▶ RECORDS FOR THIS TASK:

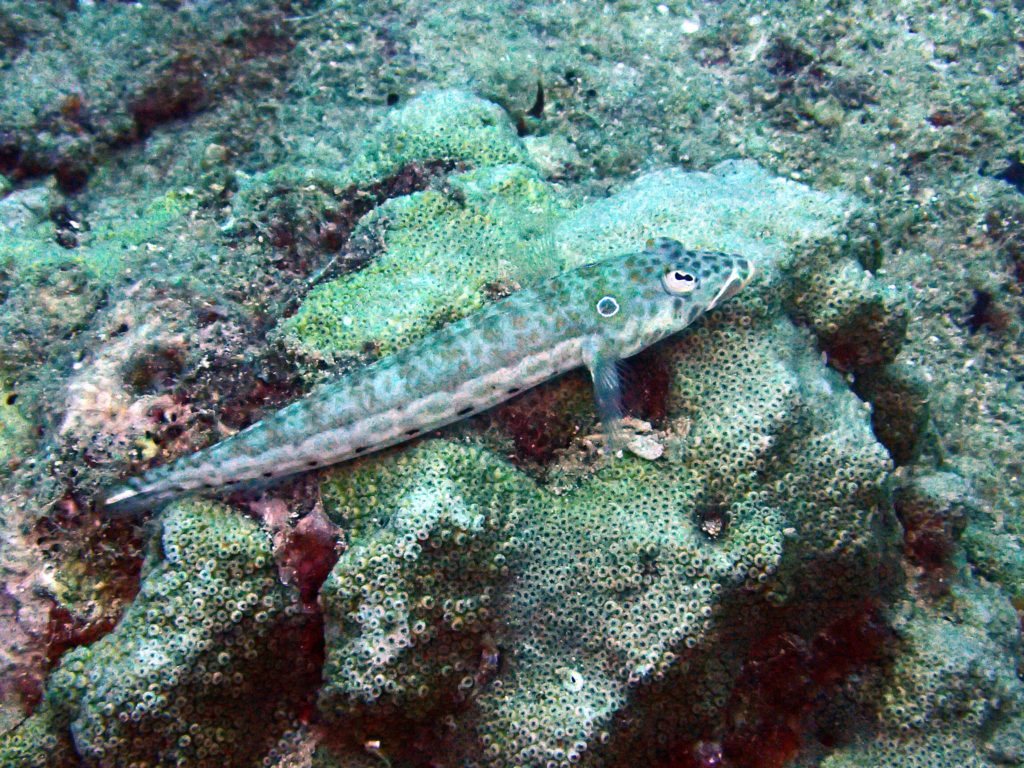 Parapercis clathrata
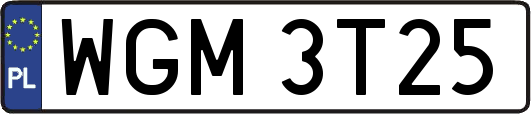 WGM3T25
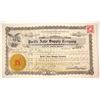 Image 1 : Pacific Auto Supply Stock   (79854)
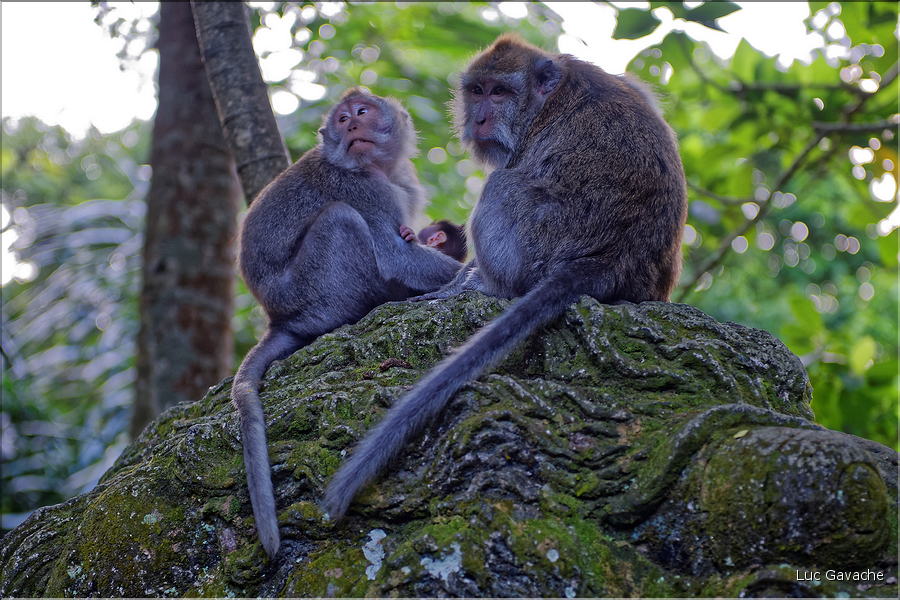 La forêt sacrée des singes, qui est en bordure de la ville d'Ubud, abrite une communauté de macaque gris. (29)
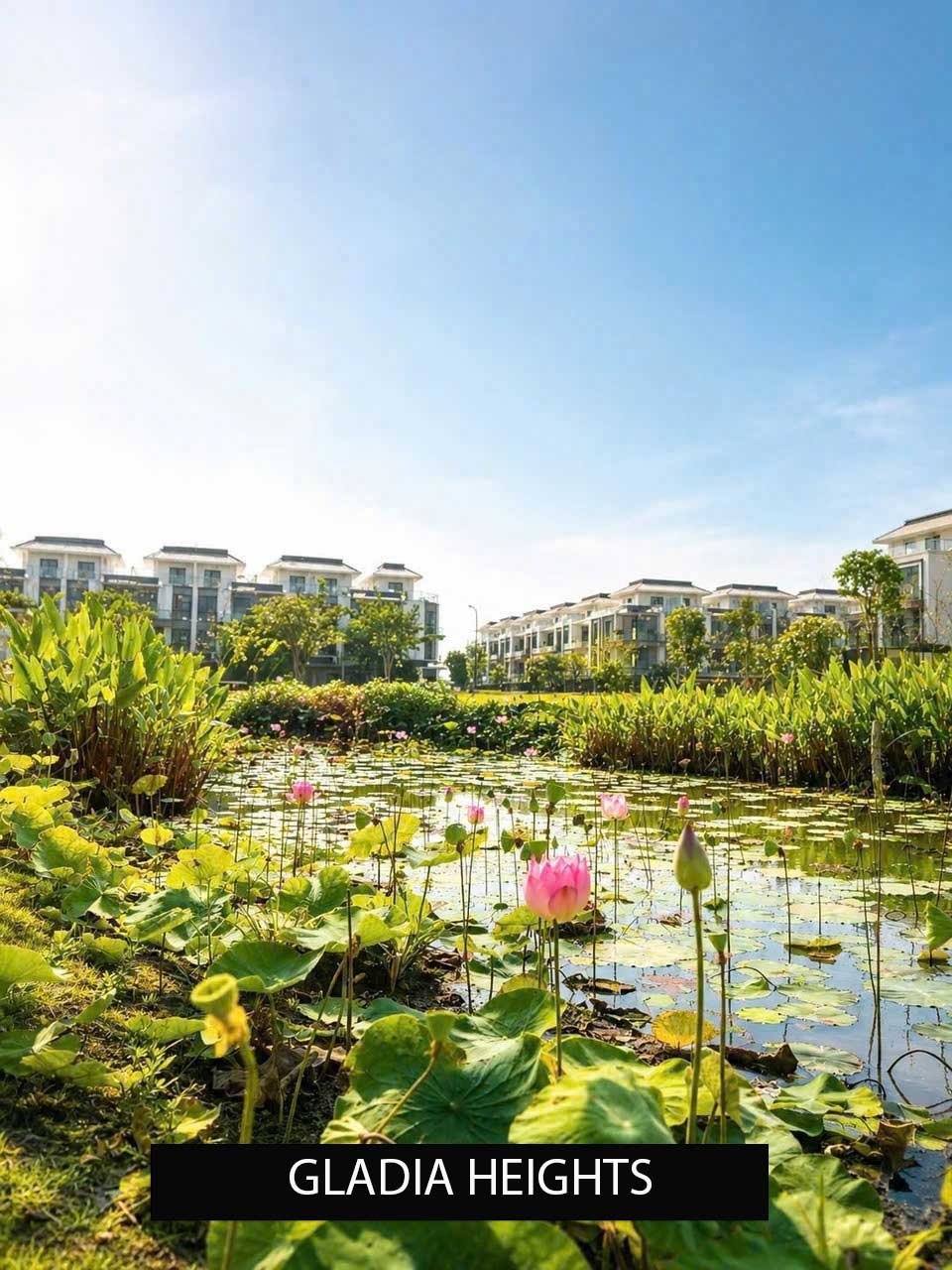 Tiến độ hạ tầng cảnh quan xung quanh dự án Gladia Heights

▶ EXERCISE:
Write out the entries above in full and exactly; no pictures.

▶ RESPONSE FOR THIS EXERCISE:
 Parapercis clathrata
 WGM3T25
 Image 1 : Pacific Auto Supply Stock   (79854)
 La forêt sacrée des singes, qui est en bordure de la ville d'Ubud, abrite une communauté de macaque gris. (29)
 Tiến độ hạ tầng cảnh quan xung quanh dự án Gladia Heights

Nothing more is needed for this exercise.